Sans entrer dans le débat sur la pertinence des conclusions de Buzzfeed, le quotidien en ligne Il Post note que les positions du parti de Beppe Grillo ont récemment évolué sur la question russe. "Jusqu’à fin 2014, le M5S était surtout critique à l’égard de Moscou, essentiellement parce que Poutine était perçu comme un allié de Silvio Berlusconi", rappelle Il Post. L’ancien dirigeant italien est l’une des bêtes noires de Beppe Grillo. L’ex-comique devenu politicien dénonçait aussi la dérive autoritaire de la Russie et avait fait, en 2007, de la journaliste et critique de Vladimir Poutine, Anna Politovskaia, sa "personne de l’année". Le mouvement avait également qualifié l’entrée, en mars 2014, des forces russes en Ukraine d'"invasion".
Tout change fin 2014. Des représentants du M5S participent au congrès du parti de Vladimir Poutine, Notre Maison Russie, et des sites pro-Grillo, comme La Cosa ("La chose"), commencent à louer l’action du dirigeant russe. Le parti italien a aussi reconnu l’annexion de la Crimée et demandé à ce que les sanctions européennes contre la Russie soit abandonnées.

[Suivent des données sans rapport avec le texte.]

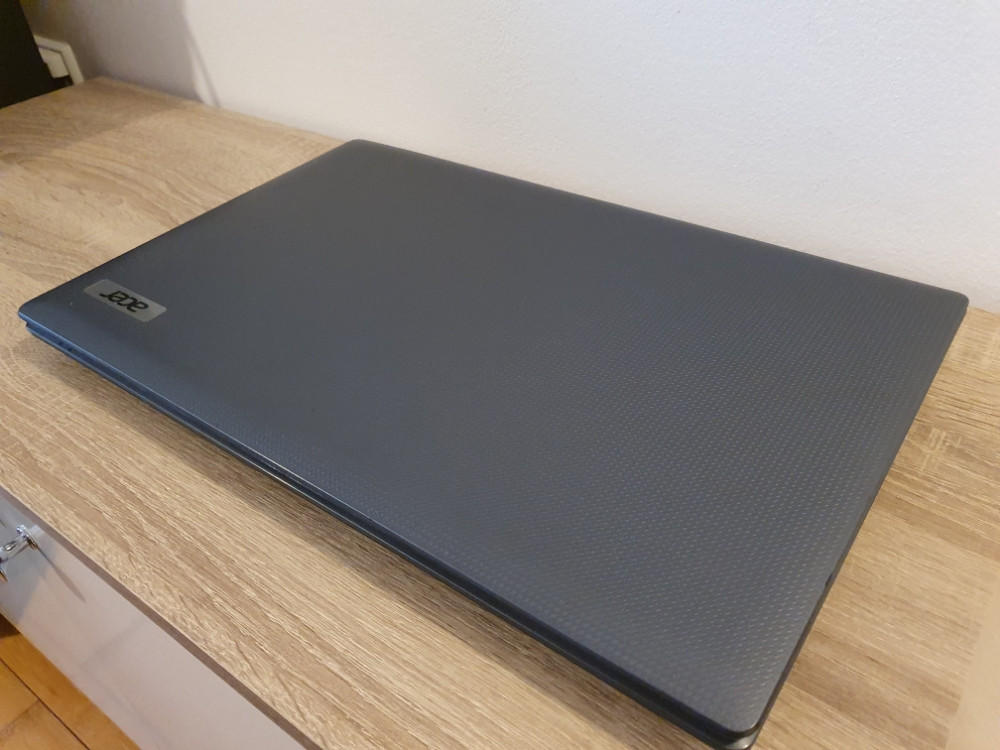 Acer Aspire 7739/3GB Ram-a/500GB HDD
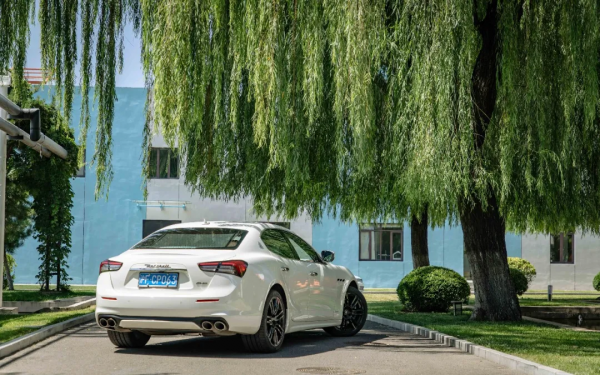 不買BBA買它?百萬級聲浪,2.0T馬力爆表,堪稱“理性”之選 不買BBA買它?百萬級聲浪,2.0T馬力爆表,堪稱“理性”之選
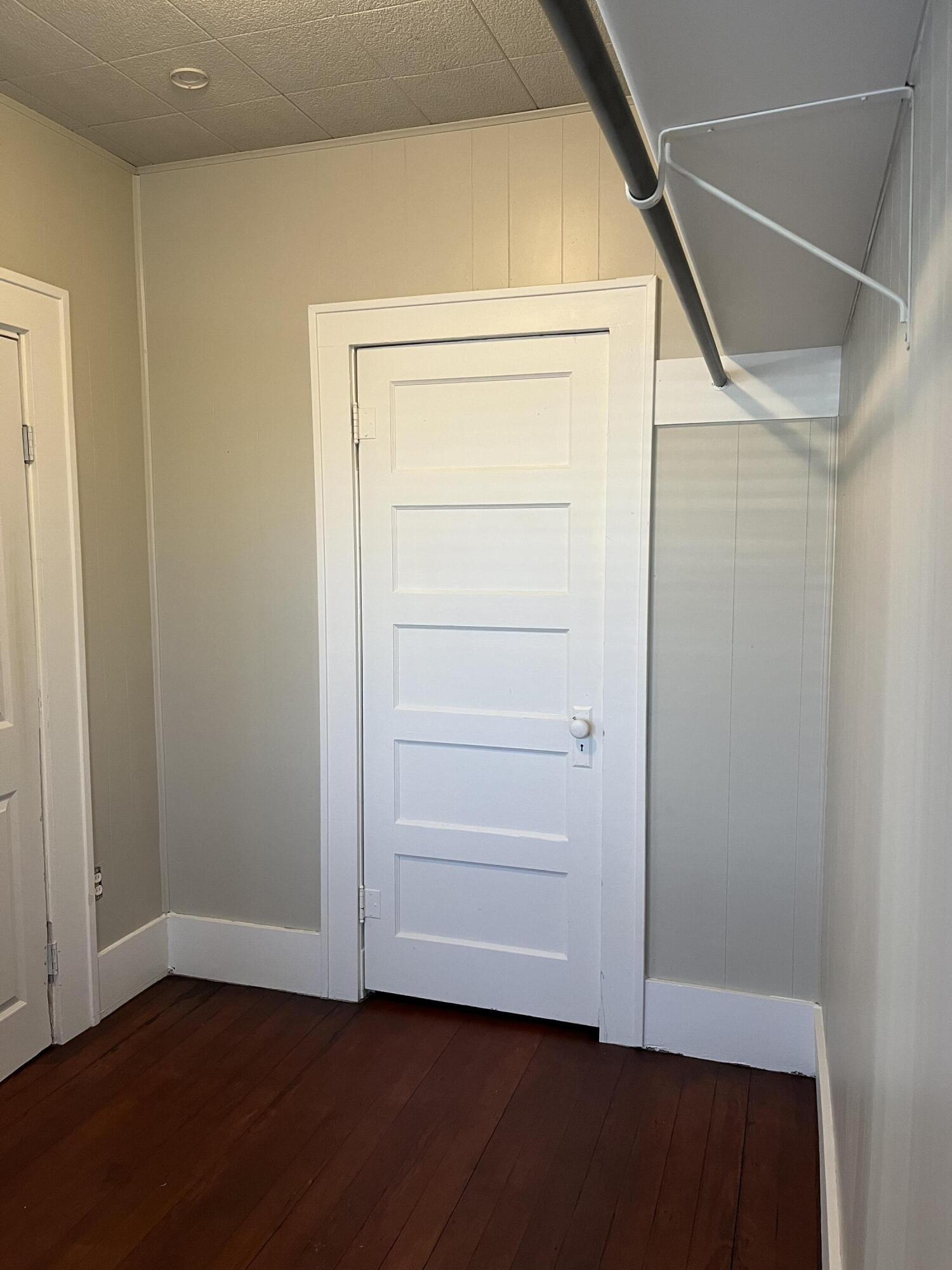 605 South 10th Street Slaton, TX 79364 - Photo 9 of 19 a view of an empty room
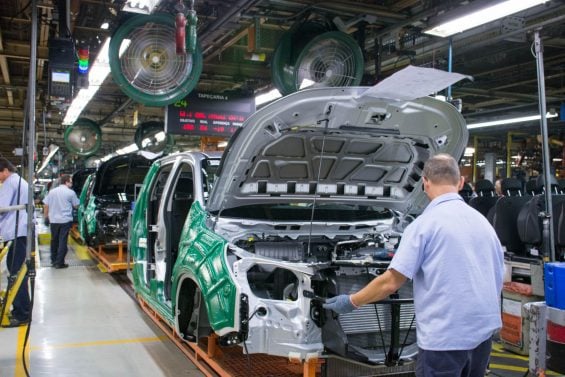 GM põe mais R$ 3,5 bilhões no Brasil para enfrentar os chineses com híbridos nacionais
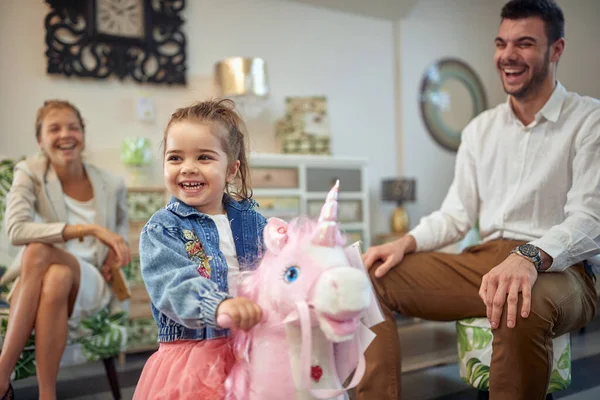 Adorable Niña Montado Unicornio Rosa Mecedora Caballo Una Tienda Frunitura — Foto de Stock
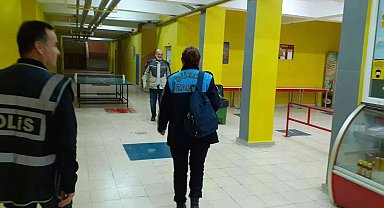 Zabıta ekipleri belge ve ürün denetimi yapıldı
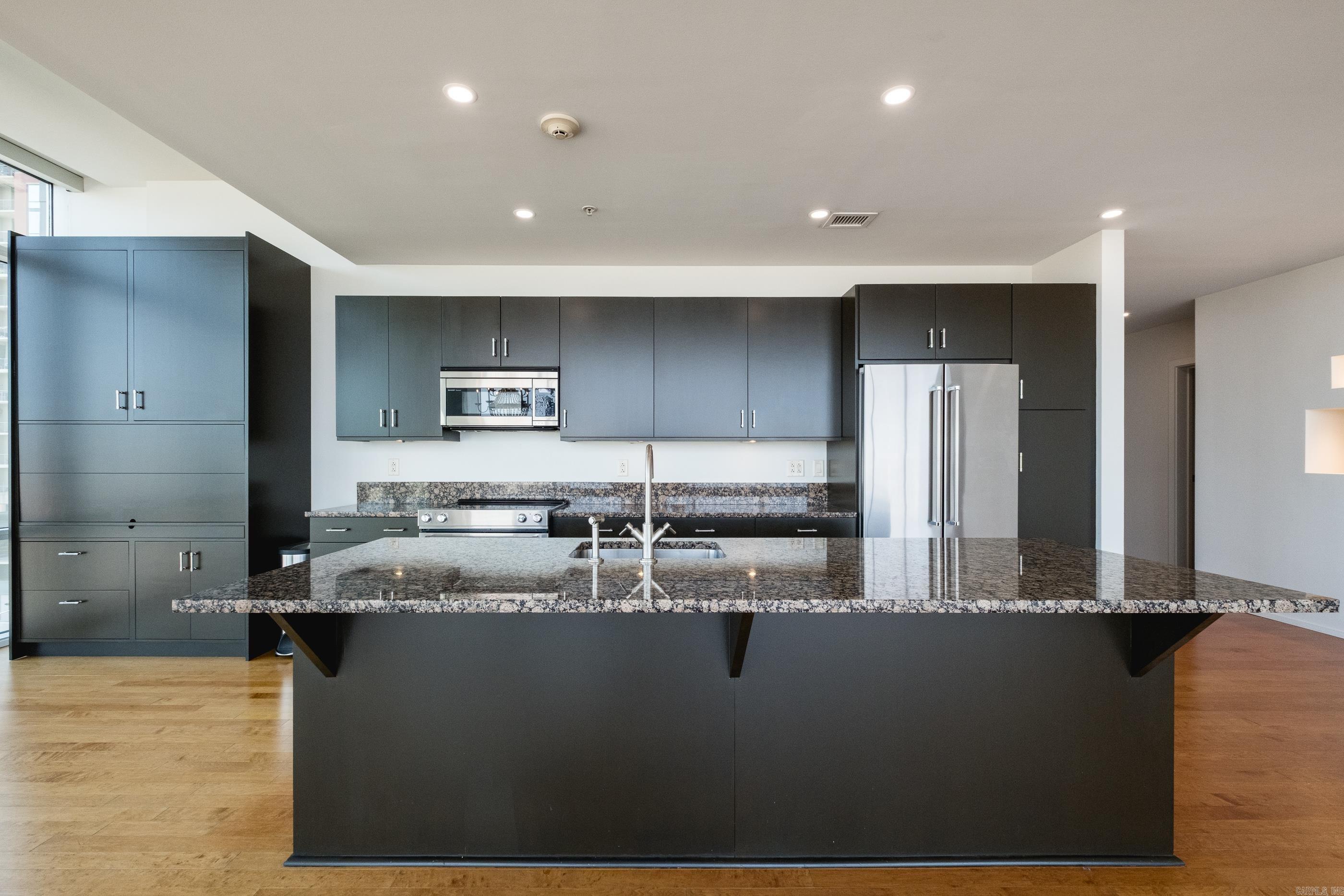 300 THIRD HPR - Residential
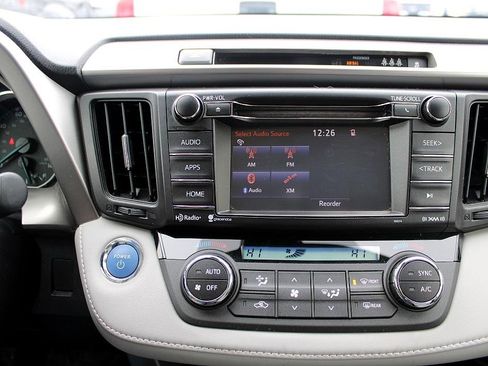 Used 2017 Toyota RAV4 LE Plus image 12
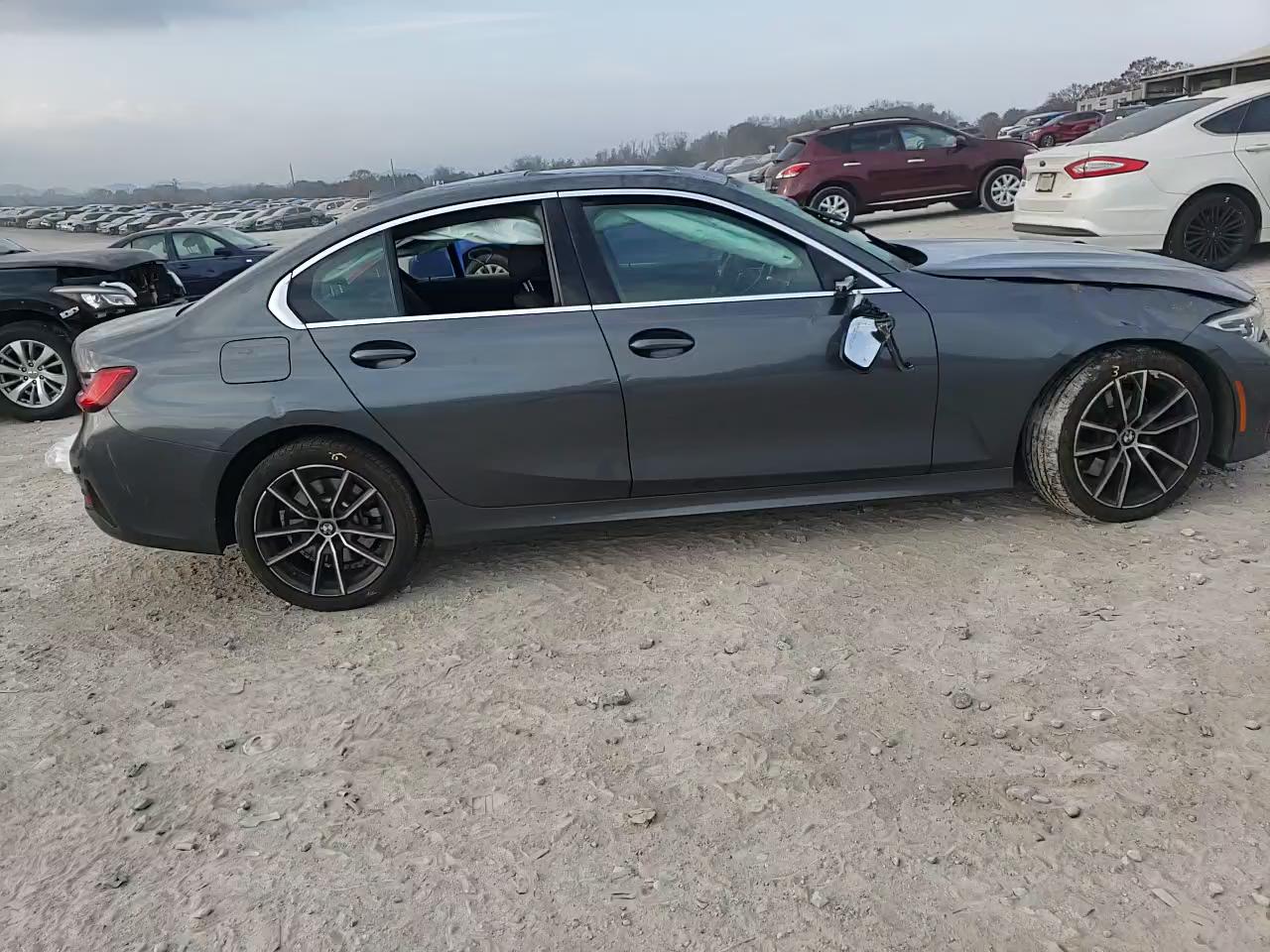 Фото: 3MW5R7J09M8B67663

Impossible à dire si le maître du Kremlin joue au marionnettiste en coulisses pour essayer d’influencer la politique européenne. La thèse de Buzzfeed est, en tout cas, séduisante pour un public américain toujours friand d’histoires qui rappellent les méthodes de propagande soviétique. Une chose est néanmoins évidente : si le "non" l’emporte au référendum et que Matteo Renzi décide de démissionner, comme il l’a laissé entendre, un boulevard politique s’ouvre pour le M5S, ce qui serait une bonne nouvelle pour Vladimir Poutine.